Pro-invasive properties of Snail1 are regulated by sumoylation in response to TGFβ stimulation in cancer.

Oncotarget 2017 Nov 9;8(58):97703-97726. Epub 2017 Aug 9.

Department of Medical Biosciences, Umeå University, Umeå, Sweden.

Transforming growth factor β (TGFβ) is a key regulator of epithelial-to-mesenchymal transition (EMT) during embryogenesis and in tumors. The effect of TGFβ, on ΕΜΤ, is conveyed by induction of the pro-invasive transcription factor Snail1. In this study, we report that TGFβ stimulates Snail1 sumoylation in aggressive prostate, breast and lung cancer cells.
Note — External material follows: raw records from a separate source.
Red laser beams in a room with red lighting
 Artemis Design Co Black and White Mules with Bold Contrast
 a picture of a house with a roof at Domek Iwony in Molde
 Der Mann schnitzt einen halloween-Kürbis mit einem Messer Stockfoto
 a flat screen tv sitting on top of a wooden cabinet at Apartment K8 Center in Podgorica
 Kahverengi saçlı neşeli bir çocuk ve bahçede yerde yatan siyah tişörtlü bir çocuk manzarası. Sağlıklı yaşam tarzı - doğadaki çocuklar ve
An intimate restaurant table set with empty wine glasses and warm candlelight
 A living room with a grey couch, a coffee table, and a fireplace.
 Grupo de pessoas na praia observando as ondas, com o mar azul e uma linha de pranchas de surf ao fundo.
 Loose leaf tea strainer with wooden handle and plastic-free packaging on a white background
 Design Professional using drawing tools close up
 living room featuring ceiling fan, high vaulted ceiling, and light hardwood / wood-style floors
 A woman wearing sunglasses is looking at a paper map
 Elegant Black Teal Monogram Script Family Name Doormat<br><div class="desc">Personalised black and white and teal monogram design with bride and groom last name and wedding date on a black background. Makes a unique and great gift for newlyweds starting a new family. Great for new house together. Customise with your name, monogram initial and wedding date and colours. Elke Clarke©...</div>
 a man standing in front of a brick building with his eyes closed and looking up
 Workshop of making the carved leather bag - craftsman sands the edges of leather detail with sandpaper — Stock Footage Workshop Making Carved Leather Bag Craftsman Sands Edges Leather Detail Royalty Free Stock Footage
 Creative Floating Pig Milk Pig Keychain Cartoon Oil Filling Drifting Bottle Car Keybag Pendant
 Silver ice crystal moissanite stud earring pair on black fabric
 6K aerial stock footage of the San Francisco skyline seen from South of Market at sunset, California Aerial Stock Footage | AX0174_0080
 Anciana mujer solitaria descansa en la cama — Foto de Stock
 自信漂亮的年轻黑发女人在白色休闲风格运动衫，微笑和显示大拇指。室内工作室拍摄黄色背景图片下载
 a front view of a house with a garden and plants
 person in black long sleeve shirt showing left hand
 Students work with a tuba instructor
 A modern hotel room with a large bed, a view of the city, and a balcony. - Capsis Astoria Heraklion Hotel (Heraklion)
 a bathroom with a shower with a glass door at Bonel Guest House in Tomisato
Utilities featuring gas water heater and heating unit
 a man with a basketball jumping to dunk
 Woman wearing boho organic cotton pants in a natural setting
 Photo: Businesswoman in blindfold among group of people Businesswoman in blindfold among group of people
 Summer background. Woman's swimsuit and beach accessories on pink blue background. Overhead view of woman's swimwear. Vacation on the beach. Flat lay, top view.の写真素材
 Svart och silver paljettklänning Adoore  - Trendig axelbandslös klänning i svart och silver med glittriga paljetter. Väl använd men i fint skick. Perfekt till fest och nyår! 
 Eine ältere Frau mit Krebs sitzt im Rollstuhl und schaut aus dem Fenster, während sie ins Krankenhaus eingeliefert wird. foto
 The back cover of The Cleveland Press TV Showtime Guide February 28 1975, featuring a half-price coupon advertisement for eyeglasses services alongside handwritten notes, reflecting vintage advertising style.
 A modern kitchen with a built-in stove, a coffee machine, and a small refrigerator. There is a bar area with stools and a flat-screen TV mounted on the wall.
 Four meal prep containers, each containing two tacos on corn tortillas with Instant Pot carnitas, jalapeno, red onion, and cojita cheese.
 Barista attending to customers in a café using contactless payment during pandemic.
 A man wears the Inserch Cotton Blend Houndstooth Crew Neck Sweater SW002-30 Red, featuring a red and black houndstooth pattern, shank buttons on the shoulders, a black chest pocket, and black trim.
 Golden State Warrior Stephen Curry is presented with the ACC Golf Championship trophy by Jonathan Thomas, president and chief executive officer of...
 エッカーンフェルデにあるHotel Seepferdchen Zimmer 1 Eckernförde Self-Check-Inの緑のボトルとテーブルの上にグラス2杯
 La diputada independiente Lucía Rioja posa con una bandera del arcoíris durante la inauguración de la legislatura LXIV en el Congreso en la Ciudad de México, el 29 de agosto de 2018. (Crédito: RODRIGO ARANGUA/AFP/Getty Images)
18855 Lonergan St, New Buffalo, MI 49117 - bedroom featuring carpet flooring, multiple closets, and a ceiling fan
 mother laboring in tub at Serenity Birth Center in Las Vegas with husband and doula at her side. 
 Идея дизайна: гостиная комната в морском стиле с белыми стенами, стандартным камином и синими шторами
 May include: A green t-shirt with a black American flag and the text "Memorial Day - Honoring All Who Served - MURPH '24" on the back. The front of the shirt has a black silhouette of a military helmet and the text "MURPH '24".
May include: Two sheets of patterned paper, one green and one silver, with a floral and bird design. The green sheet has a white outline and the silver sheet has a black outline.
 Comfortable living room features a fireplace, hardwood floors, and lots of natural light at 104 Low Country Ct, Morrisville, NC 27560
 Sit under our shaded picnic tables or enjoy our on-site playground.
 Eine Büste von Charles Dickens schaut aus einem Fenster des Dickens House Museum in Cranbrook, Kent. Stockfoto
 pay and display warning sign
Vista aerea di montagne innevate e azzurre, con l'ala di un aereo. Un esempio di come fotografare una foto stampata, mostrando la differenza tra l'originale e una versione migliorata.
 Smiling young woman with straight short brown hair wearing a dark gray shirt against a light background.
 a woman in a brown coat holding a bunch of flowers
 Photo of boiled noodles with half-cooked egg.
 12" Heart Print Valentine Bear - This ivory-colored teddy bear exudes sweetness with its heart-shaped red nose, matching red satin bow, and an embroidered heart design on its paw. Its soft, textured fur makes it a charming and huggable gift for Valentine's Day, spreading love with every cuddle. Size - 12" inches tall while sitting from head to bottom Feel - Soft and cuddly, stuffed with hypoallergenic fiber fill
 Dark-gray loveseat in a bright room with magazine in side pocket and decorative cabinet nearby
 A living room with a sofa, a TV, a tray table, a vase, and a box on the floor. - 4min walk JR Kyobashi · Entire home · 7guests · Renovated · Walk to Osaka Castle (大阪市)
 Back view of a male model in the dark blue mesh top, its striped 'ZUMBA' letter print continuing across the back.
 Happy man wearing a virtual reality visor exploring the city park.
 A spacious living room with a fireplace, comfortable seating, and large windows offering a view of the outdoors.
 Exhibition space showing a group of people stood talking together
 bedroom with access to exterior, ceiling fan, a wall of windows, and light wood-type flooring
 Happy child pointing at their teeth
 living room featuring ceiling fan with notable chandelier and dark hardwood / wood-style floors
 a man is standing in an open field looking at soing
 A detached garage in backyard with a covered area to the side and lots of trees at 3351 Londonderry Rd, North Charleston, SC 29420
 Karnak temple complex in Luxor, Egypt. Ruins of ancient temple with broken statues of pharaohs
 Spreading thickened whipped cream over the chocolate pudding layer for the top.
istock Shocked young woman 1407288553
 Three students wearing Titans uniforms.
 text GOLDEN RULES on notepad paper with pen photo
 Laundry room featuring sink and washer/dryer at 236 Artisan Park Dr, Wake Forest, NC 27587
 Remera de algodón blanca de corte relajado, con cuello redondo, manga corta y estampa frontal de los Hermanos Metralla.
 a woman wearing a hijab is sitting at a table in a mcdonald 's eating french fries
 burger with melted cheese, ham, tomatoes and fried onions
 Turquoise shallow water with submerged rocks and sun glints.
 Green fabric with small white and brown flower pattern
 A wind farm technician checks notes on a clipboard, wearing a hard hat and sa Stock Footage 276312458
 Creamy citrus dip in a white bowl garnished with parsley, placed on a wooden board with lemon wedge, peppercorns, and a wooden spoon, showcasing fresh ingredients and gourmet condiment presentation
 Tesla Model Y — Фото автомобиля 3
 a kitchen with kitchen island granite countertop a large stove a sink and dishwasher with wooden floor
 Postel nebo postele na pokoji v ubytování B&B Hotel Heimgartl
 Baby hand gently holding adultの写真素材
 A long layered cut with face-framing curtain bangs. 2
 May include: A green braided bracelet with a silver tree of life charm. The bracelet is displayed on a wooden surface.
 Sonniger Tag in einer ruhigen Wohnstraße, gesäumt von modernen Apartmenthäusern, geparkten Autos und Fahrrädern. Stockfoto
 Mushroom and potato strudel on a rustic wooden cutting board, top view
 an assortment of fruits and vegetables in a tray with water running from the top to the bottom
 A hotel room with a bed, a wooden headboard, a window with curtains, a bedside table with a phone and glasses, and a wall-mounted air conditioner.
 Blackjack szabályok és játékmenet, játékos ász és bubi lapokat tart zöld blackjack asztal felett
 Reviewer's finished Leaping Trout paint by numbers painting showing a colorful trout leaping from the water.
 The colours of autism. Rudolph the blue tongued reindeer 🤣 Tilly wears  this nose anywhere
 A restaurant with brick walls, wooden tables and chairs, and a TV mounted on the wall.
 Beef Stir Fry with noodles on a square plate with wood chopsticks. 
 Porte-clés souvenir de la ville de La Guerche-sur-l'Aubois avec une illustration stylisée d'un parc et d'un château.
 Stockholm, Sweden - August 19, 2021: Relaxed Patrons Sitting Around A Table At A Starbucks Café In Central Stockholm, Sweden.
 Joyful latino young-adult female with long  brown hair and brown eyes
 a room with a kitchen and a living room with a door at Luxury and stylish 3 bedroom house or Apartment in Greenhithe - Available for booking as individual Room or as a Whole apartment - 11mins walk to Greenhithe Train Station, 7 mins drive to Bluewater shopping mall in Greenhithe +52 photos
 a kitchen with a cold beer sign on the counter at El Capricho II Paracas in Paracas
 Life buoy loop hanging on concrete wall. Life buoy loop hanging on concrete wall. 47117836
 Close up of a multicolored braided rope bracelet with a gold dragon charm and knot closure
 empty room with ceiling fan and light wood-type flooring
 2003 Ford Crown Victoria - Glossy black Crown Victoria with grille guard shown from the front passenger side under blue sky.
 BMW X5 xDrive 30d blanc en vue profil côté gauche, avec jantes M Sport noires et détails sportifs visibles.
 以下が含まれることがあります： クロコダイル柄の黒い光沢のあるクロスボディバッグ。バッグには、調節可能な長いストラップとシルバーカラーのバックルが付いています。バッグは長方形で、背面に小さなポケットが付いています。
Sumoylation of Snail1 lysine residue 234 confers its transcriptional activity, inducing the expression of classical EMT genes, as well as TGFβ receptor I (TβRI) and the transcriptional repressor Hes1. Mutation of Snail1 lysine residue 234 to arginine (K234R) abolished sumoylation of Snail1, as well as its migratory and invasive properties in human prostate cancer cells. An increased immunohistochemical expression of Snail1, Sumo1, TβRI, Hes1, and c-Jun was observed in aggressive prostate cancer tissues, consistent with their functional roles in tumorigenesis.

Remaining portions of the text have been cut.